Government dragging its feet on MIA

fund managers federal government capital gains tax IFSA chief executive capital gains

18 March 1999
| By Stuart Engel |

Fund managers' efforts to become single responsible entities are being paralysed by government inaction.

IFSA deputy chairman and Colonial First State Investments chief executive Chris Cuffe told Financial Services Minister Joe Hockey at a recent IFSA lunch that the failure of governments to provide an easy passage was "paralysing parts of the industry."

With only four months to go before the deadline for managers to convert, only a handful of funds have retired trustees as required by the Managed Investment Act.

Only three fund managers, including Deutsche Funds Management and Credit Suisse Asset Management, have completed the requirements to form a single responsible entity. The bigger players in the industry are still waiting on the Federal and State Governments to provide surety over two key tax implications.

But under the Managed Investment Act provisions, failure by fund managers to retire trustees by July 1 would force each group to have a meeting of unit holders which many claim is a massively expensive exercise.

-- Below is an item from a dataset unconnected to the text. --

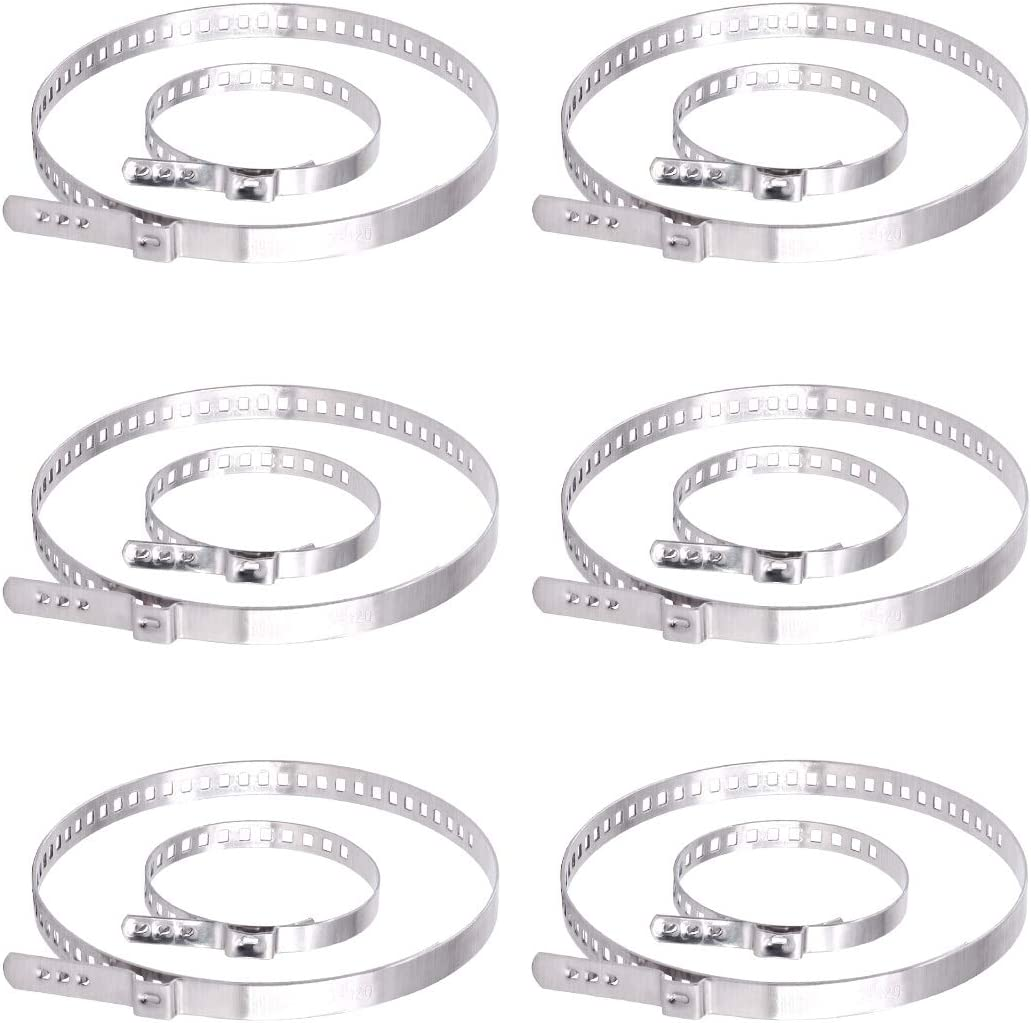 Swpeet 12Pcs CV Boot Clamp Assortment Kit, 6 Pairs Universa Small and Large Stainless Steel Universal Adjustable Stainless Steel Drive Shaft Joint Boot Crimp Clamp Kit for Most Cars image number 2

IFSA senior policy manager Philip French says the Federal Government is dragging its feet by not providing a guarantee that the change will not be defined as a capital gains tax event and trigger a massive tax bill for fund managers.

A number of the State Governments have also failed to provide similar guarantees that stamp duty requirements will not affect the changeover.

Cuffe says the Government has rushed through the legislation and failed to give it the appropriate backing of related issues.

"When the SIS Bill (similar legislation for superannuation funds) was drafted, these issues were covered," he says.

"But the failure to provide guarantees with this legislation has rendered it Clayton's legislation that none of us can act on."